* [SOURCE INFORMATION]:
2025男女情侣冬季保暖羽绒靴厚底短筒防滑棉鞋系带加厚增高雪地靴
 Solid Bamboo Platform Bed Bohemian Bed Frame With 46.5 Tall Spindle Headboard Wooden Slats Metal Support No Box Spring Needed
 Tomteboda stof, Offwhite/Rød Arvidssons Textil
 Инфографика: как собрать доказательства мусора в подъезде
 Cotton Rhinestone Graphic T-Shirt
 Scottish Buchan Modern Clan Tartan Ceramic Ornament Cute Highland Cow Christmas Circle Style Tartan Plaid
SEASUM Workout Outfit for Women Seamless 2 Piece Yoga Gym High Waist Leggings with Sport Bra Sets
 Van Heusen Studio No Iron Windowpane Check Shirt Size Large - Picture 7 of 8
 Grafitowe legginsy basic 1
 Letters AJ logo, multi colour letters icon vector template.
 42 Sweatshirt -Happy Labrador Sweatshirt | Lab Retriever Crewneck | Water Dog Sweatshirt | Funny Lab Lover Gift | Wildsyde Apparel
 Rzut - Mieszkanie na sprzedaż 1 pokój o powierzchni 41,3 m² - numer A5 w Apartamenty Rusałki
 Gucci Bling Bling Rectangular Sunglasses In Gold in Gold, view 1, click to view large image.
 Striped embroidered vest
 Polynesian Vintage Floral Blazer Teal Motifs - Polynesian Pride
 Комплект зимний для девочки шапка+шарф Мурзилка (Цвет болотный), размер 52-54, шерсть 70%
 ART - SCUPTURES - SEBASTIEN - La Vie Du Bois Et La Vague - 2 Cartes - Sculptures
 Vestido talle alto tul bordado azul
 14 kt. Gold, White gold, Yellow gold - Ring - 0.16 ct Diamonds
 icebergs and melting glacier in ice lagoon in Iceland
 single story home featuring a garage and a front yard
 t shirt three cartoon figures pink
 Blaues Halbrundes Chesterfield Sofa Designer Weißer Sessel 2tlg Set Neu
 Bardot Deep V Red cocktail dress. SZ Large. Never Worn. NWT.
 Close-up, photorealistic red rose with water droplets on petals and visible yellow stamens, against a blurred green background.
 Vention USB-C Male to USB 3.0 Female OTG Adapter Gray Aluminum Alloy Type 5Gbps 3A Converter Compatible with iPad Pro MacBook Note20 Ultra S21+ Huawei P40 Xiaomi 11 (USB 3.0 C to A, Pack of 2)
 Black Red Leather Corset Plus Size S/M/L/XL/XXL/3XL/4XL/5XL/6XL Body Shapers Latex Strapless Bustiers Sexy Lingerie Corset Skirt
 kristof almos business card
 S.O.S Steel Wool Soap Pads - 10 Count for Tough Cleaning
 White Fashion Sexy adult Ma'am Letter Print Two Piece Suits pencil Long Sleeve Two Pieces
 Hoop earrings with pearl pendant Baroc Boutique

* [PROBLEM TO WORK ON]: In the listing above, find the line containing "kristof almos business card" and please quote exactly that line through the last one, and no other lines.

* [ANSWER SECTION]:
 kristof almos business card
 S.O.S Steel Wool Soap Pads - 10 Count for Tough Cleaning
 White Fashion Sexy adult Ma'am Letter Print Two Piece Suits pencil Long Sleeve Two Pieces
 Hoop earrings with pearl pendant Baroc Boutique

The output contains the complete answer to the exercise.